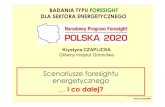 NPF Polska 2020, prezentacja prof. Krystyny Czaplickiej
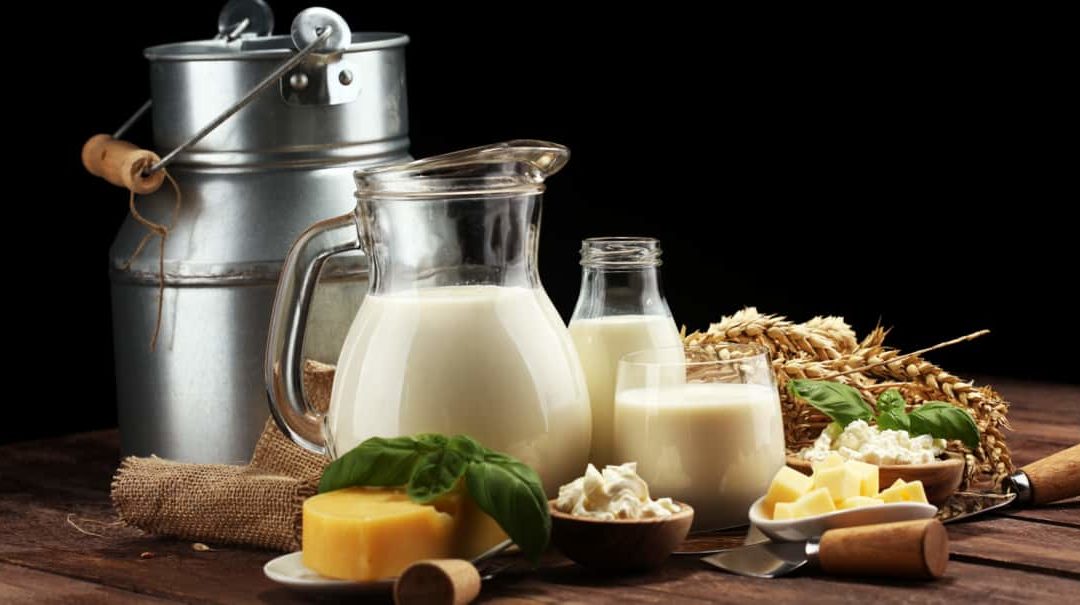 Derivados do leite: conheça os principais produtos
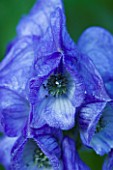 PETTIFERS GARDEN  OXFORDSHIRE: CLOSE UP OF ACONITUM ARENDSII - BLUE FLOWER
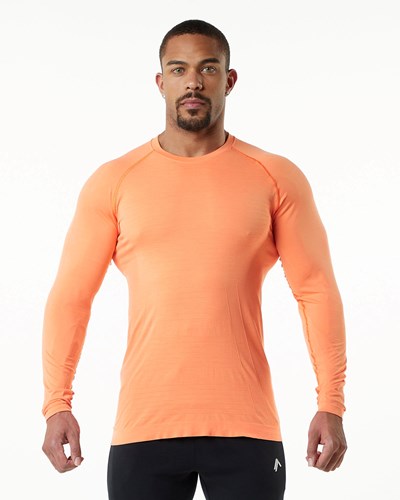 Alphalete High Performance Seamless Long Sleeve Tee Faded Day Tripper | 47150-ECBA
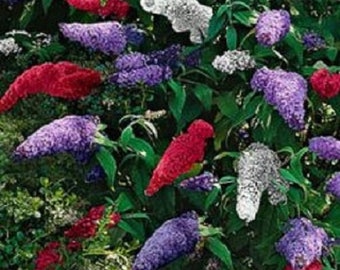 25 + buddleia papillon Bush Mix / vivaces / graines de fleurs.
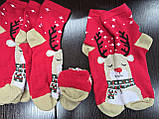 Носки дитячі махрові, р.18-20, фото 2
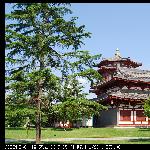 大唐芙蓉园之绿意图片 自然风光 风景图片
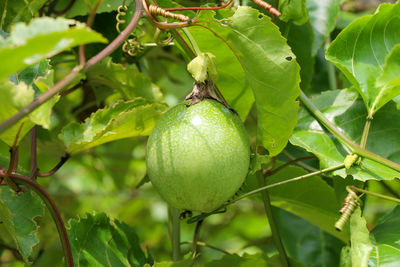 Close-up of fruit growing on tree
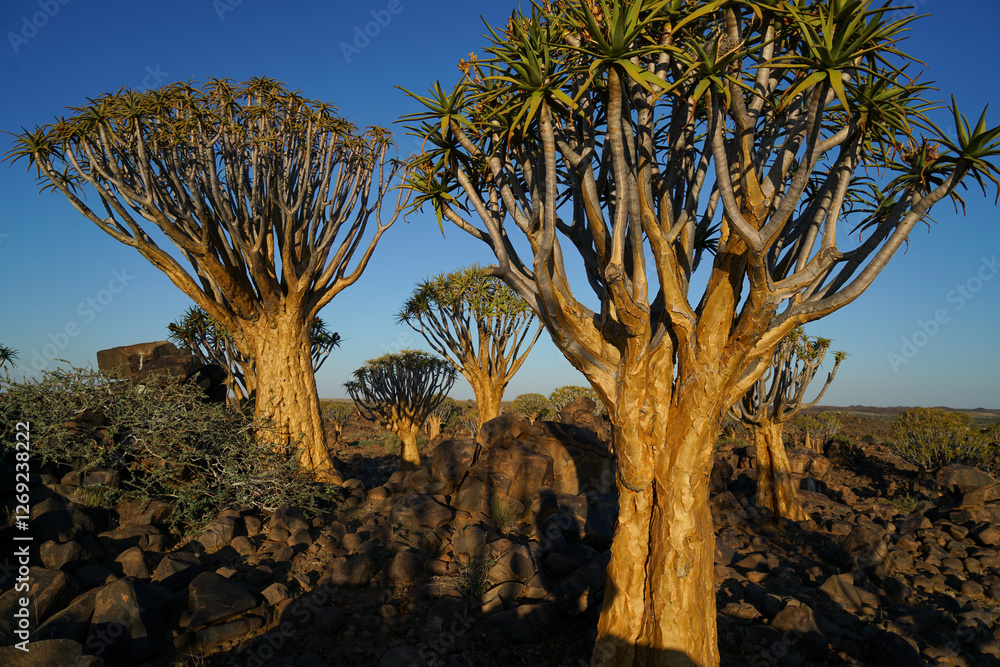 Quiver tree forest, Keetmanshoop, Namibia Quiver tree forest, Keetmanshoop, Namibia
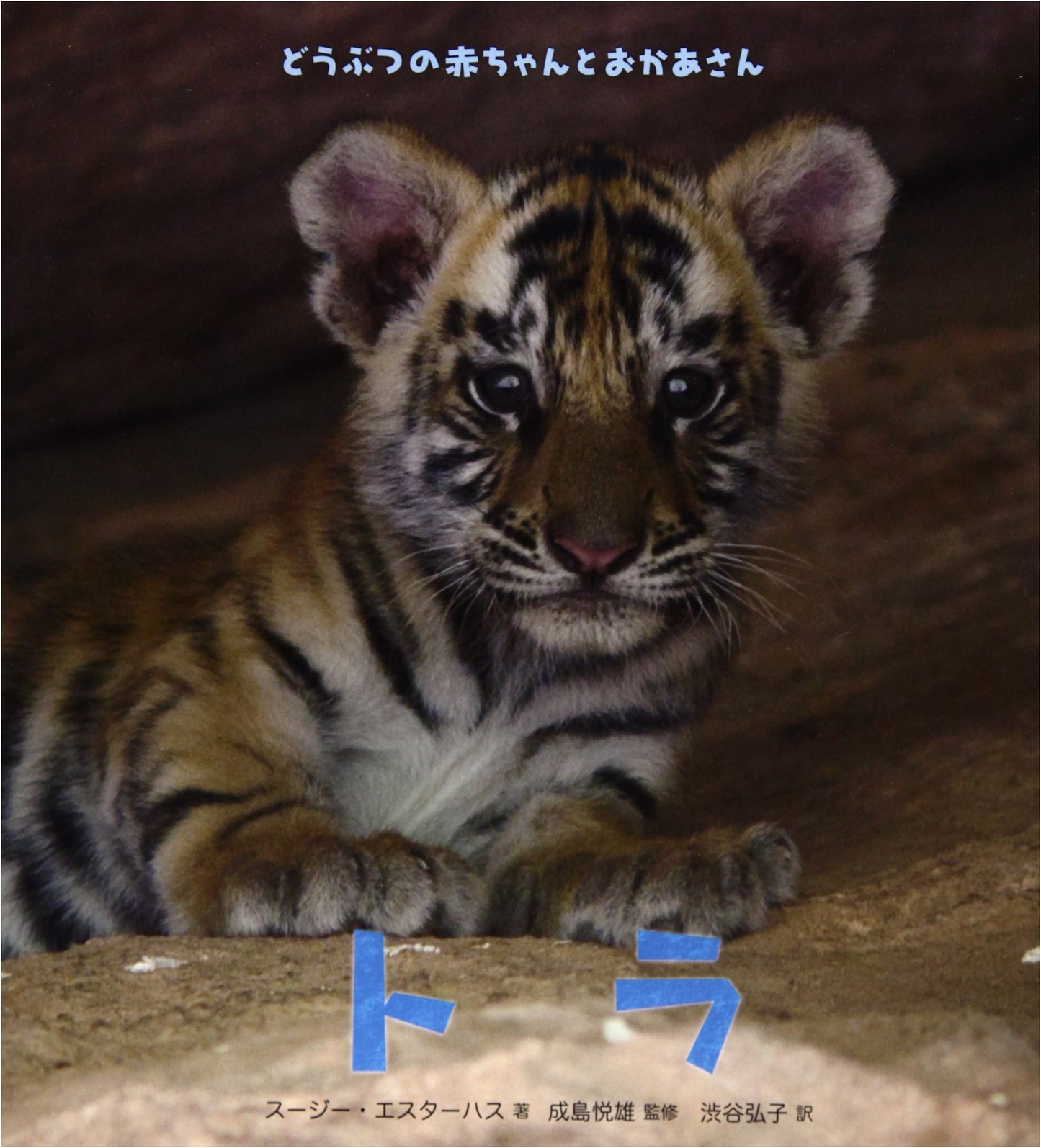 Tigers: Animal Babies and Their Mothers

────────────────

● **Aim of the exercise**: From the line that contains "25 + buddleia" down to the last line of the entries above, copy every line exactly and leave out the pictures.

● **Solution for this problem**:
 25 + buddleia papillon Bush Mix / vivaces / graines de fleurs.
 Носки дитячі махрові, р.18-20, фото 2
 大唐芙蓉园之绿意图片 自然风光 风景图片
 Close-up of fruit growing on tree
 Quiver tree forest, Keetmanshoop, Namibia Quiver tree forest, Keetmanshoop, Namibia
 Tigers: Animal Babies and Their Mothers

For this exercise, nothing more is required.